### What you will do
Could you repeat the entries below exactly, but only from the line with "Short checkered skirt - Picture 2 of 3" through the line with "- Ảnh 1. Hậu", and without any picture?

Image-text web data
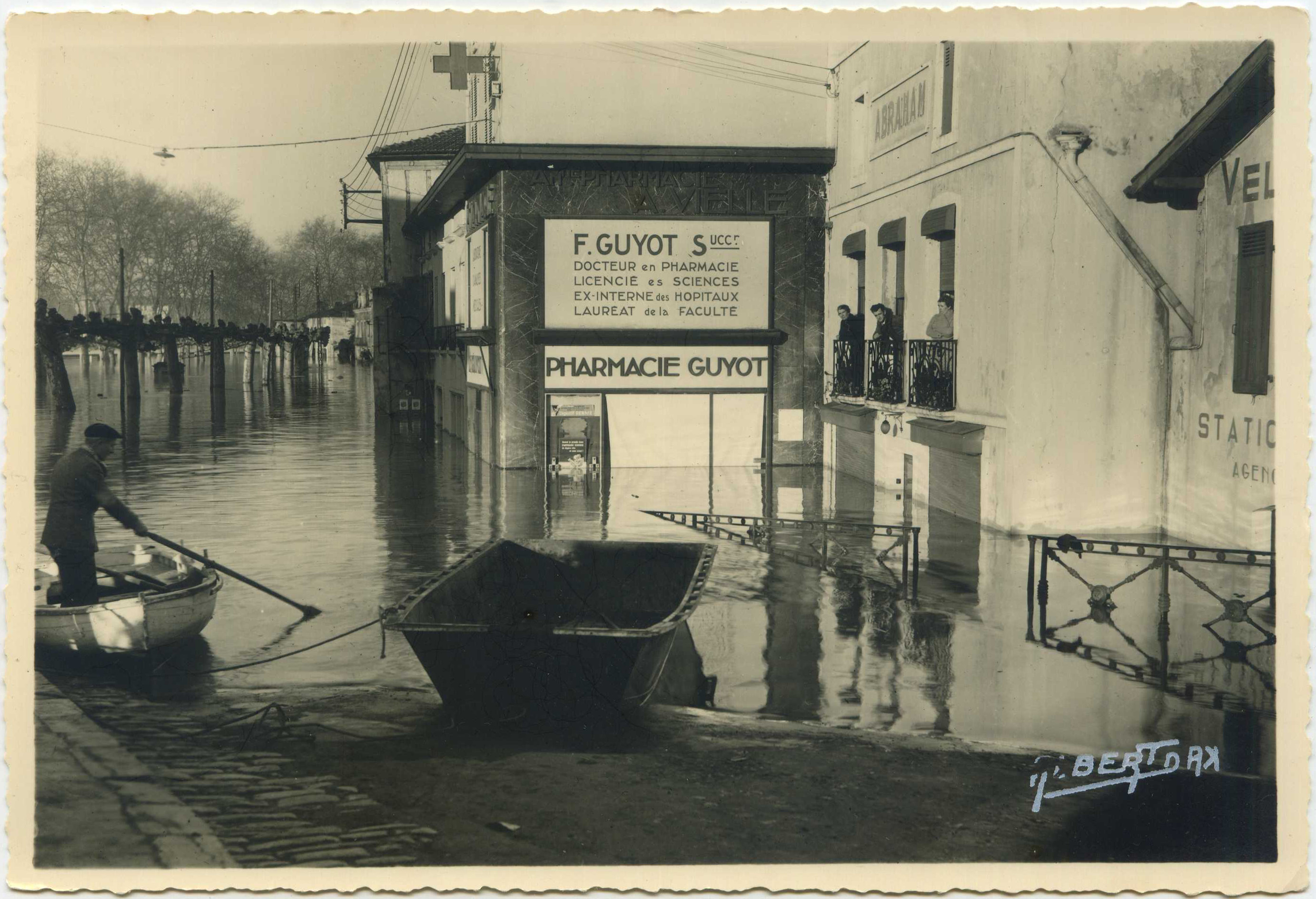 Dax - Photo - Crue de 1952 - La place du Sablar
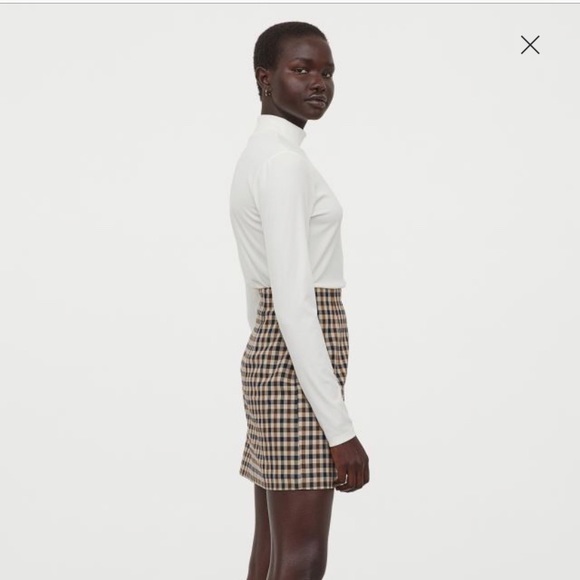 Short checkered skirt - Picture 2 of 3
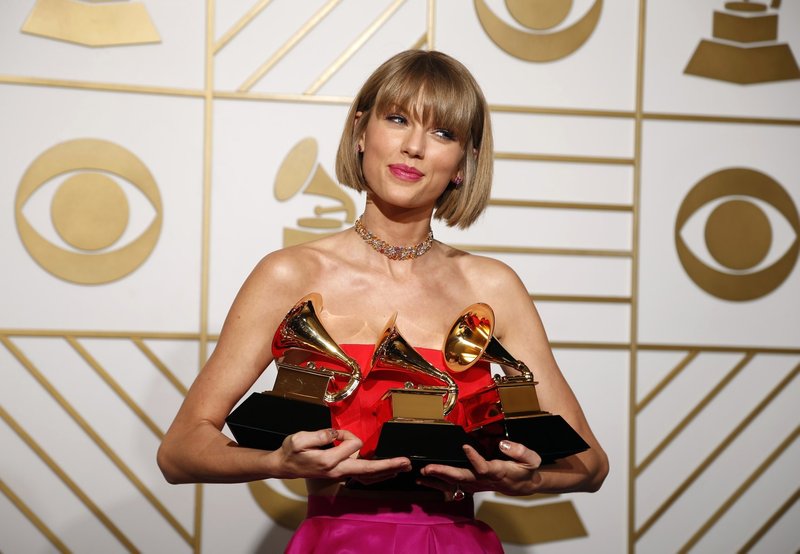 Taylor Swift at 58th Annual GRAMMY Awards — photo 716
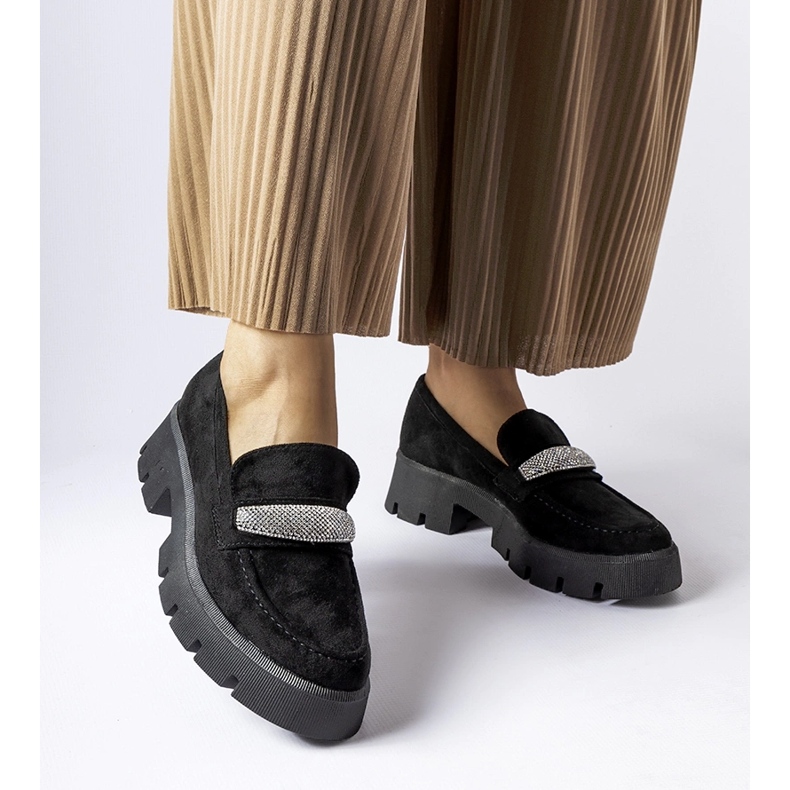 Schwarze Mokassins mit massiver Macario-Sohle 1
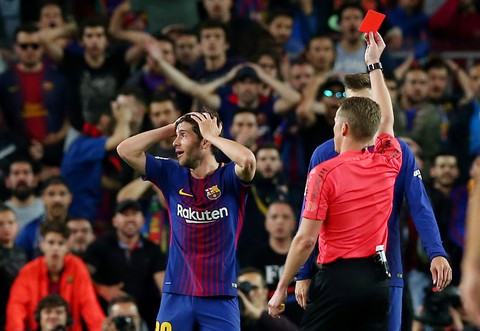 Hậu vệ Sergi Roberto bị treo giò 4 trận - Ảnh 1. Hậu vệ Sergi Roberto bị treo giò 4 trận - Ảnh 1.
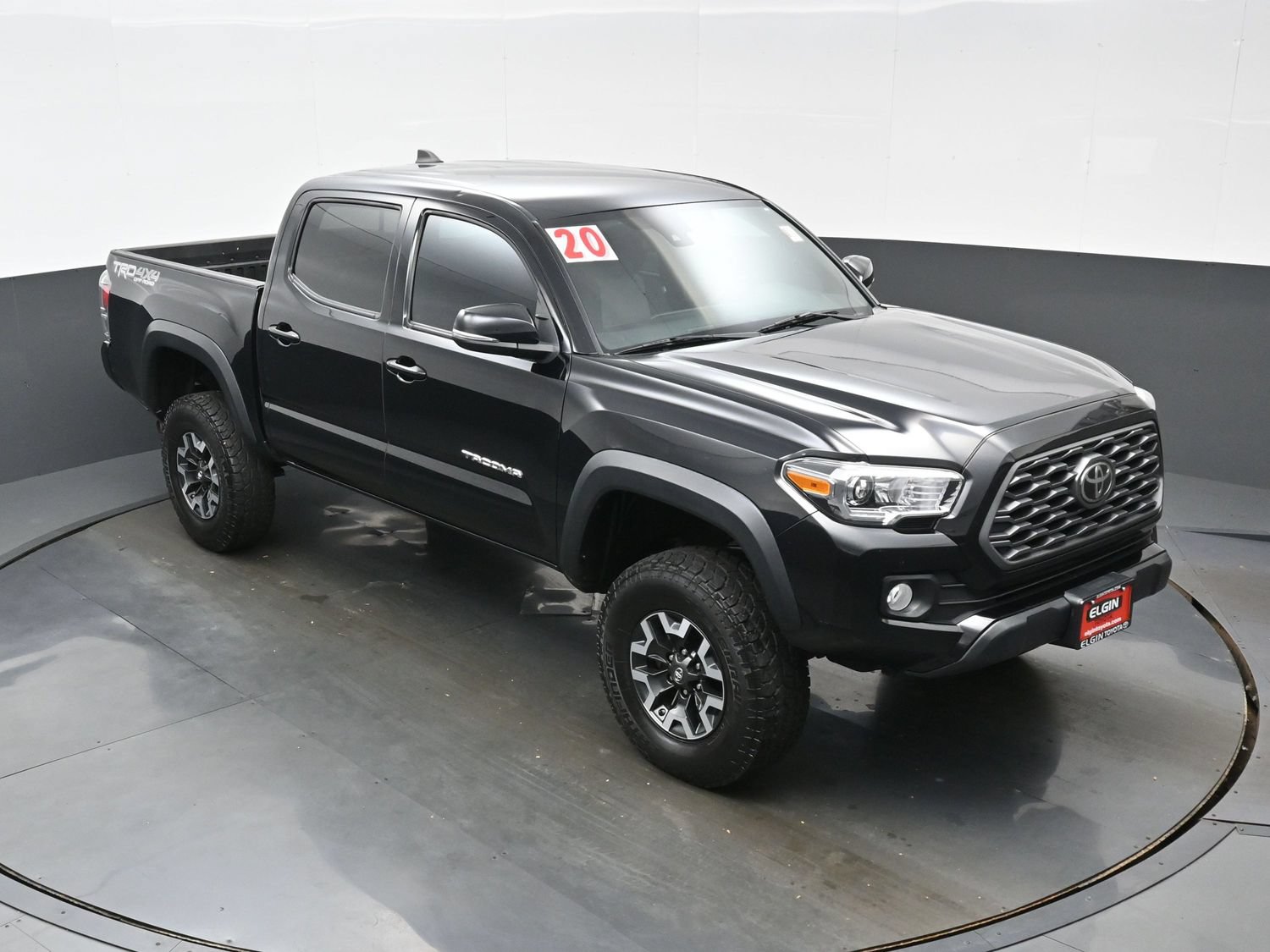 Used 2020 Toyota Tacoma TRD Off-Road w/ Technology Package AWD/4WD image 35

### Response below
 Short checkered skirt - Picture 2 of 3
 Taylor Swift at 58th Annual GRAMMY Awards — photo 716
 Schwarze Mokassins mit massiver Macario-Sohle 1
 Hậu vệ Sergi Roberto bị treo giò 4 trận - Ảnh 1. Hậu vệ Sergi Roberto bị treo giò 4 trận - Ảnh 1.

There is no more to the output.